Persistent speculation about early elections is rattling Greece’s political landscape, despite firm denials from Prime Minister Kyriakos Mitsotakis and his administration.
Mitsotakis has told allies that early elections are off the table — privately refusing to entertain the idea even as a hypothetical, and dismissing the talk as “election chatter.” His reasoning: steering the country into electoral uncertainty now would be damaging. Government spokesperson Pavlos Marinakis has reinforced that message publicly, insisting at every briefing that elections remain on track for next spring.
A growing list of political headwinds
Yet a cocktail of political and economic pressures is giving the speculation legs.

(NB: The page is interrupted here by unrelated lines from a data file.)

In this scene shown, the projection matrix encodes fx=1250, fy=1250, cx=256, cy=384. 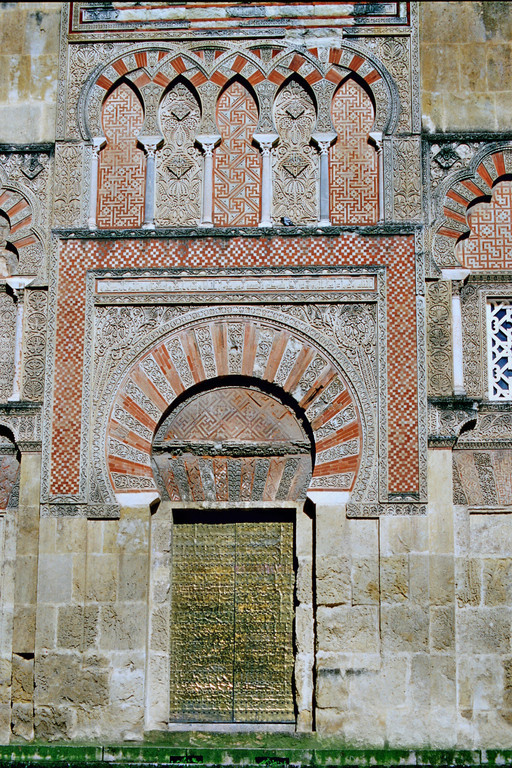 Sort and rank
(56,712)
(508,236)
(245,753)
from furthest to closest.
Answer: (508,236) → (56,712) → (245,753)

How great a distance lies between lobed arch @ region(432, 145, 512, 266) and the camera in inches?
370

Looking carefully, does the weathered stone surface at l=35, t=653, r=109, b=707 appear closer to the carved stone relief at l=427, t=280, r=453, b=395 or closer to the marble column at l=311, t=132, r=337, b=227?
the carved stone relief at l=427, t=280, r=453, b=395

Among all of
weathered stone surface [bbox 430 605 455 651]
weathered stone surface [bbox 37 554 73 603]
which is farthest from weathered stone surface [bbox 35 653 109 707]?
weathered stone surface [bbox 430 605 455 651]

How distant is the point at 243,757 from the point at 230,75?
5.08m

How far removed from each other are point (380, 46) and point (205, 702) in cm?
514

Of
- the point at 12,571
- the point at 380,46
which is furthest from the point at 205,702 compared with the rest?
the point at 380,46

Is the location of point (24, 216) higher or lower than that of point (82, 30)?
lower

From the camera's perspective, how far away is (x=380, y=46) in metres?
9.70

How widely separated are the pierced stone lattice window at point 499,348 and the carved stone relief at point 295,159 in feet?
5.08

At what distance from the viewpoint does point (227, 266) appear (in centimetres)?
934

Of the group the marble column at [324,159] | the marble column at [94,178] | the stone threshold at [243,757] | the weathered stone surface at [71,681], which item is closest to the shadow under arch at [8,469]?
the weathered stone surface at [71,681]

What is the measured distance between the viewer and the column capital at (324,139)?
954 cm

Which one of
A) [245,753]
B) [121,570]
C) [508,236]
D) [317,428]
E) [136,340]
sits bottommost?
[245,753]

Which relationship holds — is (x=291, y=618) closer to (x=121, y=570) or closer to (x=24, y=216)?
(x=121, y=570) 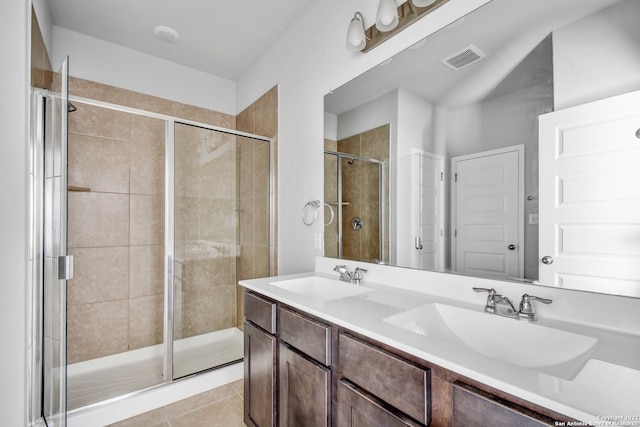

The most combustible element is the expected findings from an investigation into the OPEKEPE agricultural subsidies scandal, which could implicate political figures. The wiretapping scandal still unresolved adds another layer of exposure.
Then there’s the economy. The conflict in the Middle East, now stretching into its fourth week, has sent prices surging, and the government has found no effective way to contain them.
Greece’s tourism industry,the country’s biggest economic engine, is deeply uneasy about the coming season. The fear isn’t that something will happen in Greece, but that global instability is freezing bookings across the board.
Timing speculation: Summer or Thessaloniki?
Supporters of early elections are pointing to all of the above and floating a window: sometime over the summer, or in the fall around the Thessaloniki International Fair, where Greek leaders traditionally set out their economic agenda. But even they admit the math doesn’t fully add up. Nobody knows what the landscape looks like in a month, let alone in September.
Further escalation of the war would almost certainly rule out any election timing. But some inside New Democracy are quietly voicing a different fear: that the accumulation of crises — the ones the government caused and the ones it simply inherited — could harden into a general verdict against it. A slow-building “plague on all your houses” sentiment that no denial, however firm, can outrun.